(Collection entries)
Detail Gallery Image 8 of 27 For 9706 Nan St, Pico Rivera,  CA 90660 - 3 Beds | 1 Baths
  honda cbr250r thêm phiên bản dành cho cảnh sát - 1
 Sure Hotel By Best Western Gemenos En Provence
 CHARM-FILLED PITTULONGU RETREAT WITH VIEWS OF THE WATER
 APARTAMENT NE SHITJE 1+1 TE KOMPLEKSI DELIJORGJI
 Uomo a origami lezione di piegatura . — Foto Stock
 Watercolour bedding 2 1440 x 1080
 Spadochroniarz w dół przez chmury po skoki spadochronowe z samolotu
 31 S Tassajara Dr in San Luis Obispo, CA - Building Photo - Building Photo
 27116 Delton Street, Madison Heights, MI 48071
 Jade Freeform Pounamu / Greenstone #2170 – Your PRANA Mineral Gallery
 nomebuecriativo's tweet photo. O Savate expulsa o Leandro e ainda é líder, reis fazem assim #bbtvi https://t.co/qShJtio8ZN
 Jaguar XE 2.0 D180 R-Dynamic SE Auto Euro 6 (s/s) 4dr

TASK ITEM: The line containing "Jade Freeform Pounamu" marks where to begin; copy it and every later line exactly, through the end of the data.

COMPLETED TASK:
 Jade Freeform Pounamu / Greenstone #2170 – Your PRANA Mineral Gallery
 nomebuecriativo's tweet photo. O Savate expulsa o Leandro e ainda é líder, reis fazem assim #bbtvi https://t.co/qShJtio8ZN
 Jaguar XE 2.0 D180 R-Dynamic SE Auto Euro 6 (s/s) 4dr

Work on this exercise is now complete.